• **PROBLEM REQUIREMENTS**: Output, exactly as written, the lines below starting at the line containing "My Blooming, Buzzing" and ending at the line containing "Альфа ПВП Белокуриха". Drop the pictures and keep both end lines.

• **DATASET**:
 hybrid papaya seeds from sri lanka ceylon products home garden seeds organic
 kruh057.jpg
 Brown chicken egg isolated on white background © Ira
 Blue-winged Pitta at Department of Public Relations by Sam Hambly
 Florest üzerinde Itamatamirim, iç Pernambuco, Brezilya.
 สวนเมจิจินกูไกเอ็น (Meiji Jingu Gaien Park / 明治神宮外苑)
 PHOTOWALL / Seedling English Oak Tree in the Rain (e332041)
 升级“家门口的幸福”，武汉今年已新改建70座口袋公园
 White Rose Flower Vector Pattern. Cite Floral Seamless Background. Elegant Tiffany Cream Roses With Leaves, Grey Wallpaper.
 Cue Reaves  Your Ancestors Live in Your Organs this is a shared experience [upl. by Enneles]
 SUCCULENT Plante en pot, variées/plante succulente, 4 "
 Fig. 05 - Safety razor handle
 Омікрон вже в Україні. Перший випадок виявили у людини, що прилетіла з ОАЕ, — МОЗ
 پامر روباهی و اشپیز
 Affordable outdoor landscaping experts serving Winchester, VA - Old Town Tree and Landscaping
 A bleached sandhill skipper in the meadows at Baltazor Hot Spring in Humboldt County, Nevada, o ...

--

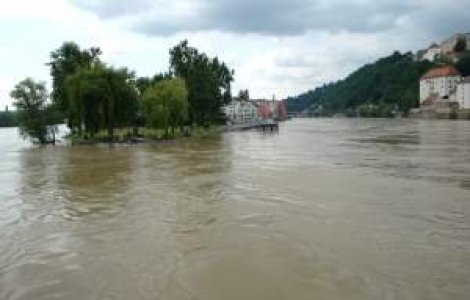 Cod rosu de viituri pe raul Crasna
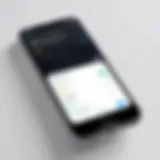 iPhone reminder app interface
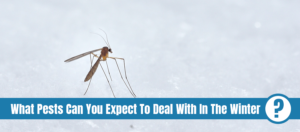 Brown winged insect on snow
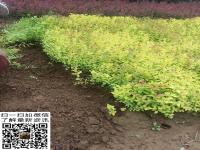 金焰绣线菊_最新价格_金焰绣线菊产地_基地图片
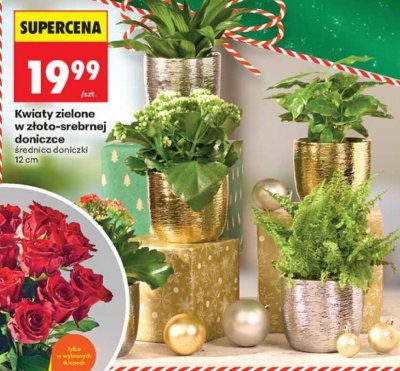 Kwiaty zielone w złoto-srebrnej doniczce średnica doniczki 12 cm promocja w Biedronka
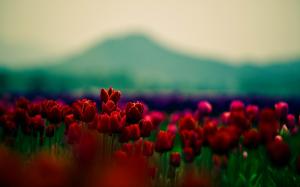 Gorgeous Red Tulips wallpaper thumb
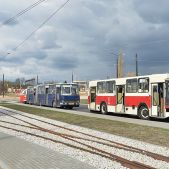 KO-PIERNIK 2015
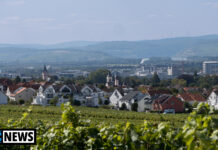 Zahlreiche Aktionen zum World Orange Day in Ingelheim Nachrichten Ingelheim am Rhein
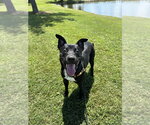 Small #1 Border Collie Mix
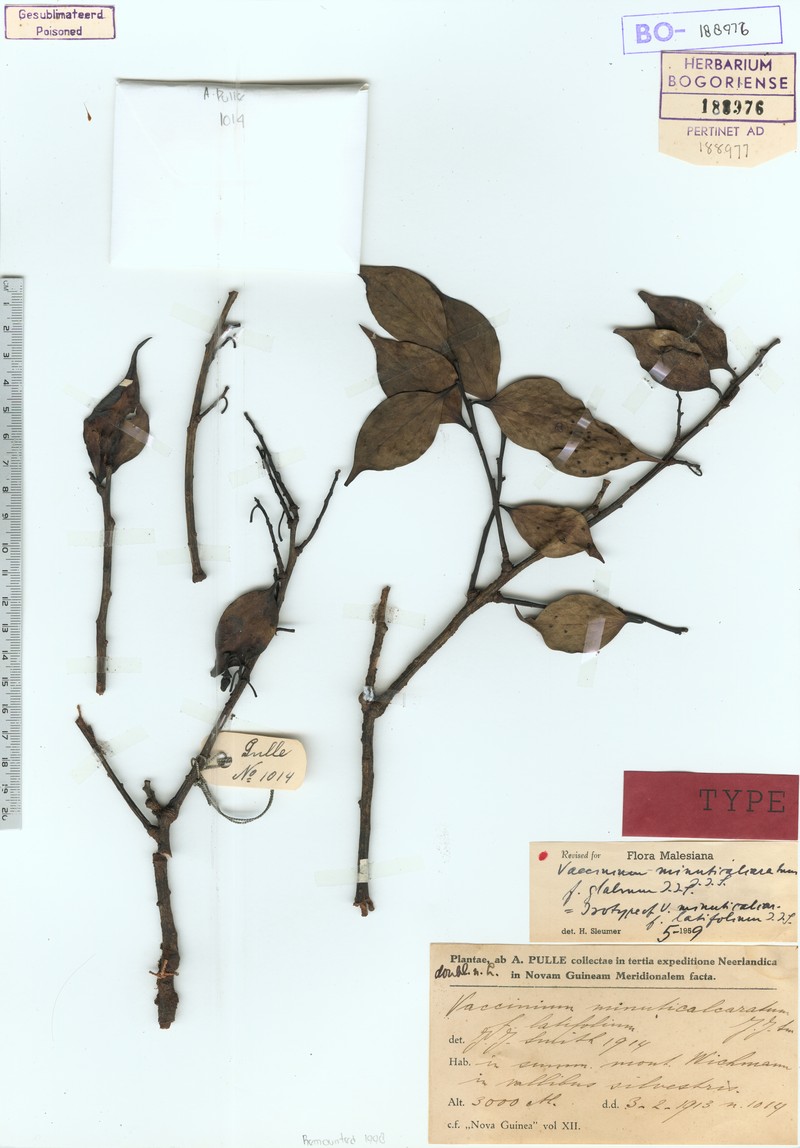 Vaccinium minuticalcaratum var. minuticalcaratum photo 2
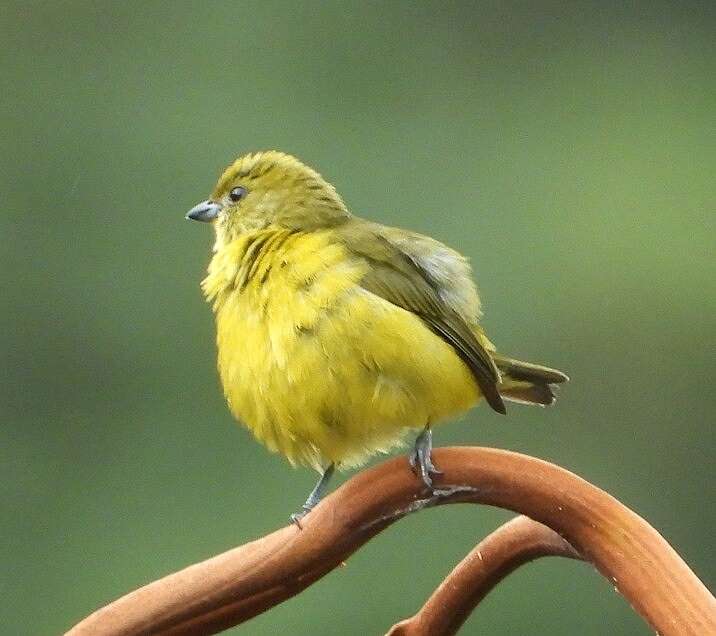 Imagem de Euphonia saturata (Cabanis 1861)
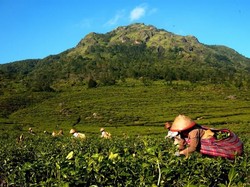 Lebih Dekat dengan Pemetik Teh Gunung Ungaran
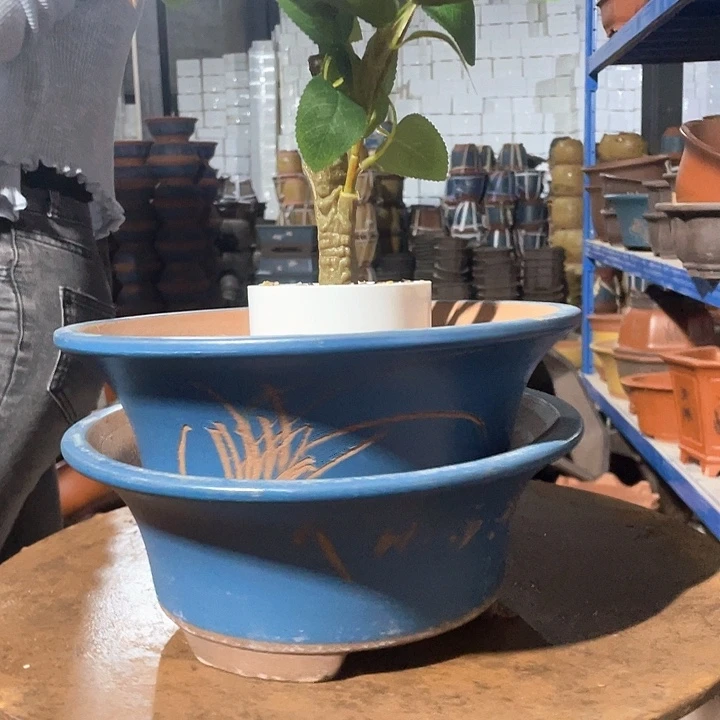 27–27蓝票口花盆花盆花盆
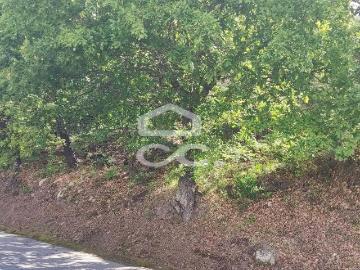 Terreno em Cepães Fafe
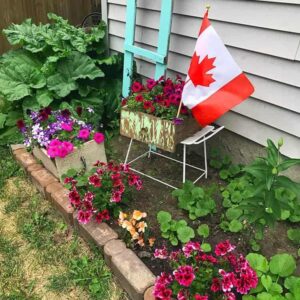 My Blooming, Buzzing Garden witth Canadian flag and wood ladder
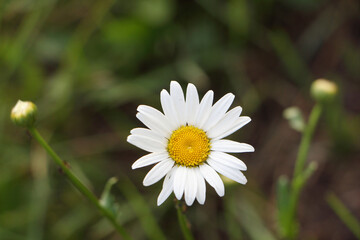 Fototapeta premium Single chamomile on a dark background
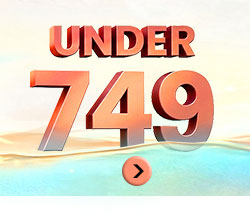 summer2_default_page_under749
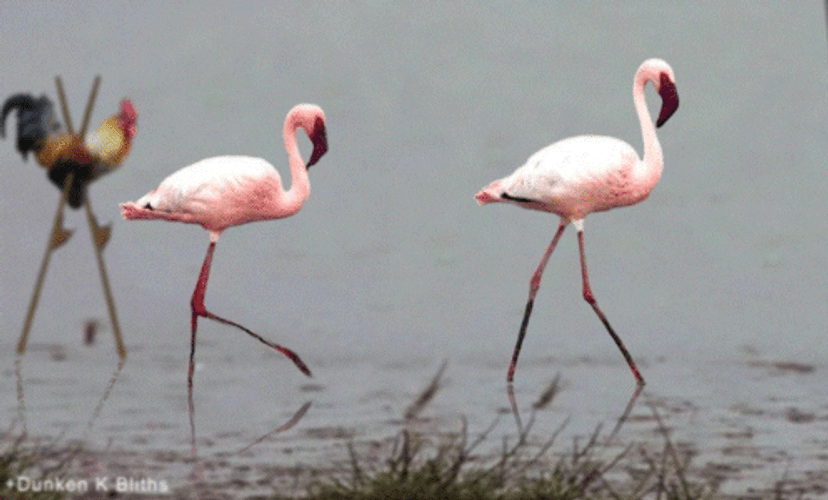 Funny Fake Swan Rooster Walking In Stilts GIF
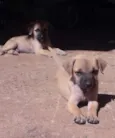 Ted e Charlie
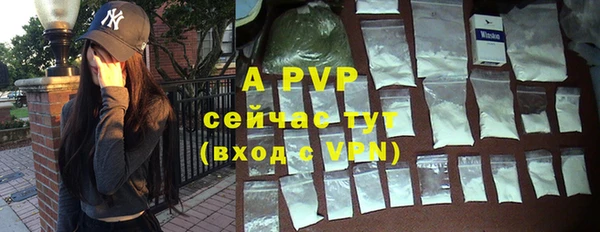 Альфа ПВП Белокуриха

---

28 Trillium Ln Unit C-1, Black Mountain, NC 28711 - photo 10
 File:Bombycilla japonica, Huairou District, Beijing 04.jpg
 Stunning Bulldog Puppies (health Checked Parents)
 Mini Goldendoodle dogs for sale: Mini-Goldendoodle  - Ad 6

• **OUTPUT FOR THIS EXERCISE**:
 My Blooming, Buzzing Garden witth Canadian flag and wood ladder
 Fototapeta premium Single chamomile on a dark background
 summer2_default_page_under749
 Funny Fake Swan Rooster Walking In Stilts GIF
 Ted e Charlie
 Альфа ПВП Белокуриха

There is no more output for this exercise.